◆ **WHAT IS REQUIRED**
Leaving out any pictures, print the entries that follow exactly as they stand.

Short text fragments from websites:
────

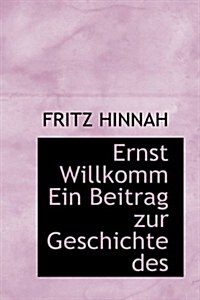 Ernst Willkomm Ein Beitrag Zur Geschichte Des (Hardcover)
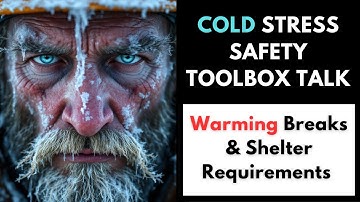 Cold Stress Safety Toolbox Talk: Warming Breaks & Shelter Requirements
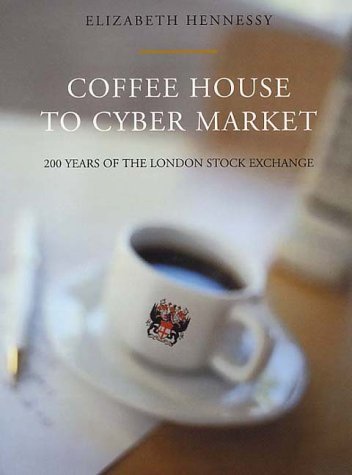 Stock image for Coffee House to Cyber Market: 200 Years of the London Stock Exchange for sale by WorldofBooks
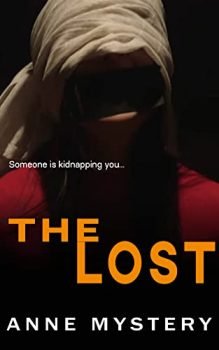 The Lo­st: A true murder and mystery suspense thriller an absolutely unputdownable psychological gripping thrilling crime stories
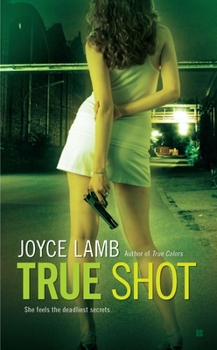 True Shot - Book #3 of the True Trilogy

────

◆ **RESULT**
 Ernst Willkomm Ein Beitrag Zur Geschichte Des (Hardcover)
 Cold Stress Safety Toolbox Talk: Warming Breaks & Shelter Requirements
 Stock image for Coffee House to Cyber Market: 200 Years of the London Stock Exchange for sale by WorldofBooks
 The Lo­st: A true murder and mystery suspense thriller an absolutely unputdownable psychological gripping thrilling crime stories
 True Shot - Book #3 of the True Trilogy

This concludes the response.